Abstract
The elasticity of a rigid material can be quantified via direct application of strain and measurement of the induced boundary stresses. In the context of both crystalline and amorphous material rheology, however, there are advantages to working with a theory of elasticity that does not reference a strain field or a unique stress-free reference state. This quality is necessary for a theory that describes, for instance, jammed solids which only attain rigidity in the presence of an applied external stress. Using a mapping between a physical system of mechanical forces and an emergent tensor electromagnetism, it is possible to predict the form of statistical correlations and response functions of microscopic stresses within a rigid material. By comparing the theoretical forms of these functions with those measured directly from experiment, it is possible to extract entries of an effective elastic modulus tensor, qualify the emergence of rigidity within the material, and more.

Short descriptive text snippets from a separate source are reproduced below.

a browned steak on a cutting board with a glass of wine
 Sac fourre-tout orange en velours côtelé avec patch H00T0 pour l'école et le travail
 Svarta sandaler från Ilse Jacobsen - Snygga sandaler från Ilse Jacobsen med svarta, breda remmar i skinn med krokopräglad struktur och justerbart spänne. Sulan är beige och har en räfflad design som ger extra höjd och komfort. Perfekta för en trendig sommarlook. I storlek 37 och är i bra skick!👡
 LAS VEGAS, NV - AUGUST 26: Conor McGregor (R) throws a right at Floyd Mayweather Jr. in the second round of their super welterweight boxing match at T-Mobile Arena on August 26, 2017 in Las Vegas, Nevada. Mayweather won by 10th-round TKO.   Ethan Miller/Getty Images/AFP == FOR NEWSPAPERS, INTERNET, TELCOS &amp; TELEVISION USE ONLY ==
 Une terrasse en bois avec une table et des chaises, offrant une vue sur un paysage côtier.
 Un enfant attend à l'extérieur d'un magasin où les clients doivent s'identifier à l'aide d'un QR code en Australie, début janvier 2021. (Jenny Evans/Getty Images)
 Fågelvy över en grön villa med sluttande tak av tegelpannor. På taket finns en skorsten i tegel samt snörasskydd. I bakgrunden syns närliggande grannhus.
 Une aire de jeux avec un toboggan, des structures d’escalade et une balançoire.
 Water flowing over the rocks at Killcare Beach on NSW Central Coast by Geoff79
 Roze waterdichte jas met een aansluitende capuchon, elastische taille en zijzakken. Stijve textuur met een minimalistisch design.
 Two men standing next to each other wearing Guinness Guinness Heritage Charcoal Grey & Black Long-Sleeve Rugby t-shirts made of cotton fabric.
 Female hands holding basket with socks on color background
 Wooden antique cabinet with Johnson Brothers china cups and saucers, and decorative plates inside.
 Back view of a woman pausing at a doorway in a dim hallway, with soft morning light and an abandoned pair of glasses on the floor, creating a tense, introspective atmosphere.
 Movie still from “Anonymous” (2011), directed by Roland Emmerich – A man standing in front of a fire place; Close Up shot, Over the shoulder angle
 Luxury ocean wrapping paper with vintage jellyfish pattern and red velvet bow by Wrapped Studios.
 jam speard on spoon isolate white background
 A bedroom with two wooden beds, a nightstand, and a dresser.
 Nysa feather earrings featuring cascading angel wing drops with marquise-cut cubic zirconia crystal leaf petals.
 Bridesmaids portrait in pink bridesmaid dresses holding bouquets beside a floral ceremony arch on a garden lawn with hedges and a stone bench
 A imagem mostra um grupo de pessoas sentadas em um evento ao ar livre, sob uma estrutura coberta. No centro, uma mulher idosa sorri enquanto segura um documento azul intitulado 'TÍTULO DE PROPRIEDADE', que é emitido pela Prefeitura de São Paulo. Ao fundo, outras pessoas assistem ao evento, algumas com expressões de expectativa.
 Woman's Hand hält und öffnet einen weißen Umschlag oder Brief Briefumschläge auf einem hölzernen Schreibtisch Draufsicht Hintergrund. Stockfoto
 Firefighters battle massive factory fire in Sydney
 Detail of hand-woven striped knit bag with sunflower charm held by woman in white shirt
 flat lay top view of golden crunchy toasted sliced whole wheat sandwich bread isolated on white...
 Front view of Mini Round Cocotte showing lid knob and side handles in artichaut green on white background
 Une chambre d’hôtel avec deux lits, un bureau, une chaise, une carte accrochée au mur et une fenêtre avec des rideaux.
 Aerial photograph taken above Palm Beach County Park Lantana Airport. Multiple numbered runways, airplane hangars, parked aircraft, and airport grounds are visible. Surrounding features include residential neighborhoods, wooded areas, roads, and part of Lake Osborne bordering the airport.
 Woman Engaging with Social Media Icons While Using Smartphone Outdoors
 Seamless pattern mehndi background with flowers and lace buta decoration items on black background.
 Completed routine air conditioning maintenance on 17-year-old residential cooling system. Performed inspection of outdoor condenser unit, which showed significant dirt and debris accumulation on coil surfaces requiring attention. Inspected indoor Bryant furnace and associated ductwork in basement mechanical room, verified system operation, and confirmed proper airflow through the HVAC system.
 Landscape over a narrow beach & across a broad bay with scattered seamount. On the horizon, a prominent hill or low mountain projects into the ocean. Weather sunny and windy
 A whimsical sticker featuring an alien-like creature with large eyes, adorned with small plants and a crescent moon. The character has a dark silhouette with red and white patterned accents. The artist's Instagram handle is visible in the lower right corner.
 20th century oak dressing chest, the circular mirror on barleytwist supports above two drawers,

The aim of this thesis is to demonstrate the unique usefulness of this approach to the problem of analyzing the form of elasticity present in a variety of different systems. For amorphous materials, this approach bears the benefit of being fully-defined without reference to a displacement field, an object which cannot be uniquely defined for a non-crystalline material. For a crystalline system displaying nonlinear elastic properties upon rearrangement of the underlying network, this approach provides a method of interpreting the nonlinear elasticity as instantaneously linear with a stress-dependent elastic modulus tensor.